Using something like Group Policy allows you to set policies, which typically end up being registry key changes. However, as you likely know, if someone circumvents a policy, it will remain circumvented for a long period of time (up to 2 hours by default) before Group Policy addresses the required setting.
Guaranteed State, part of the base Tachyon license, allows you to setup rules which are of either type “Check” or “Fix”. All rules have a Precondition and a Trigger. Check rules typically alert only, and Fix rules typically make a change to “Fix” the problem identified.
In this case, rather than running every 60-120 minutes like a Group Policy, Tachyon Guaranteed State (GS) reacts to the “Trigger”. If someone changes a registry key or does whatever match the trigger, GS reacts immediately, within just a few milliseconds.
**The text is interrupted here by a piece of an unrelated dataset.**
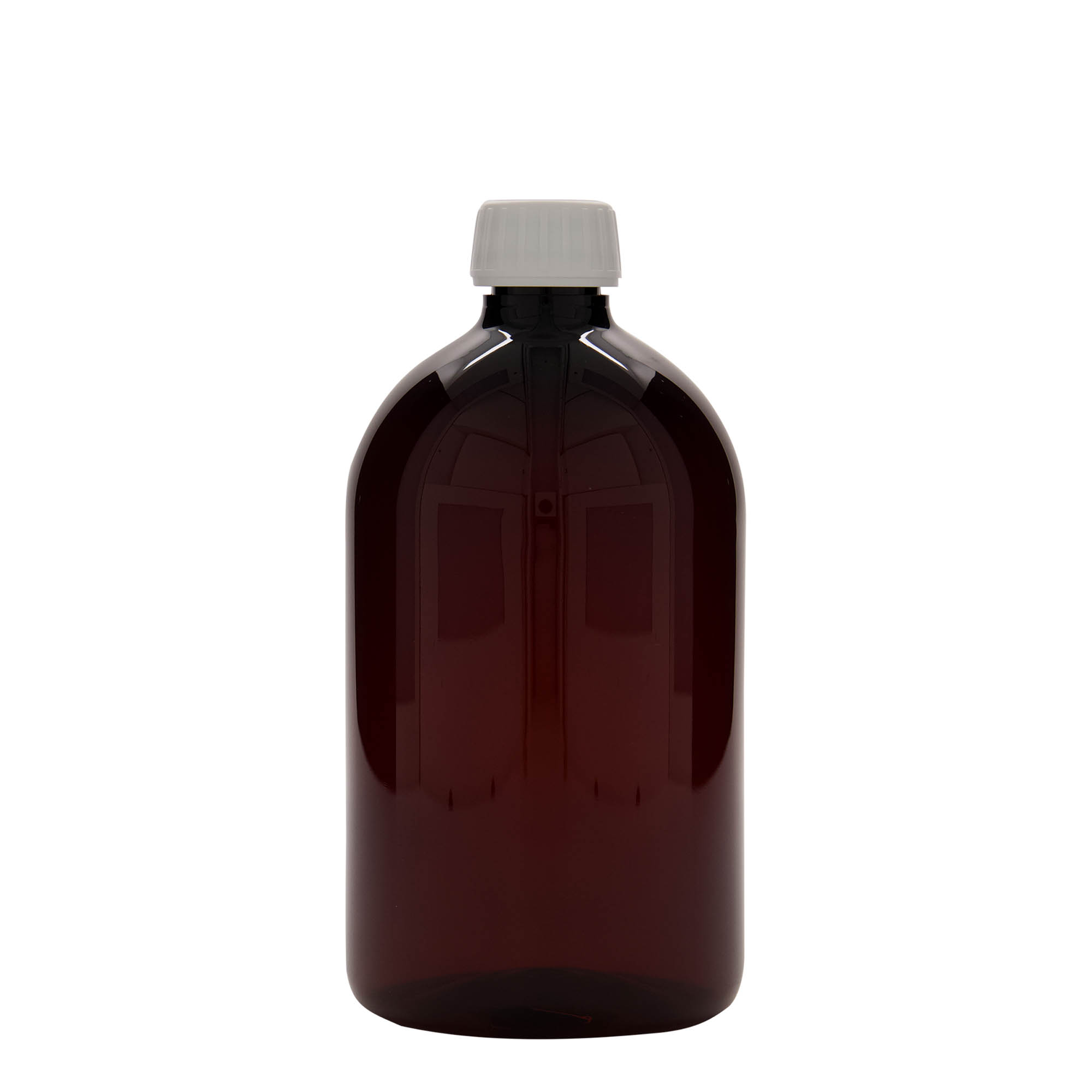 1.000 ml bottiglia medica in PET, marrone, plastica, bocca: PP 28 1.000 ml bottiglia medica in PET, marrone, plastica, bocca: PP 28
If you change the registry to allow you to put in a USB key, Tachyon reacts faster than you can push it into the slot, changing the setting back.
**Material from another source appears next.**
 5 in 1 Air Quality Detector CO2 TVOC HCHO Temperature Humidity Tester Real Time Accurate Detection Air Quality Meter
In my opinion, regulations need to change to talk about Prevention, Real-Time Detection and Real-time Response.
- Put in place the controls to prevent users making the changes to controls.
- Detect, in real-time, if/when a user attempts to circumvent the control.
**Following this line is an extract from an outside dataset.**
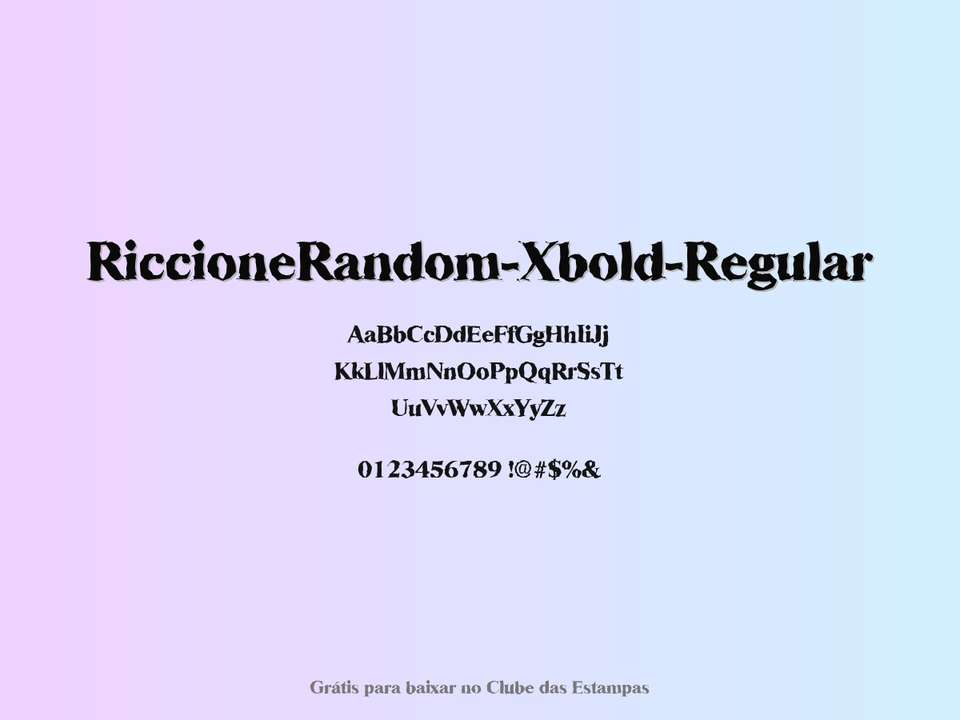 Fonte Riccionerandom Xbold Regular Grátis Para Baixar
- React, in real-time, with an appropriate response
Appropriate responses may include end-user notification, alerts to the security team and obviously, resetting the control back to the required state, it’s that reaction that led to the name “Guaranteed State” – we don’t just set something as “desired” – we enforce the rules, in real-time, not eventually or at some stage, like GPO – assuming GPO is even working to that level of “timeliness” on devices which are remote and not connected to the corporate LAN!
Tachyon allows you to ensure controls are monitored continually, even while devices are offline – the policies are in force even without a connection to the Tachyon server – although obviously they can’t be updated or changed until the device is online again.
Best of all is that with Tachyon, you can allow for exceptions in real-time too. If someone has a valid need to use a USB key, or whatever the control is, you can change the setting on the device in real-time with a Tachyon instruction (from Tachyon Explorer, via ServiceNow or any self-service portal (1E Shopping for example). Every change is tracked and audited, and you can allow access for just as long as it is needed. It will revert to the required state at the required time.
This is something that looks really good in a video – so I look forward to demonstrating it next week.
With the CyberSecurity Maturity Model Certification program in the US (CMMC), there’s ever more requirement for enterprises to be able to show adherence to security controls. Tachyon Guaranteed State can help you implement controls for CMMC, ISO 27002, NIST 800.53, NIST 800.171, 800.172, etc. Obviously, you can implement whatever controls you want or need – regardless of standard, even if they are just home grown best practices. All with real-time control, real-time exception handling and full audit logging.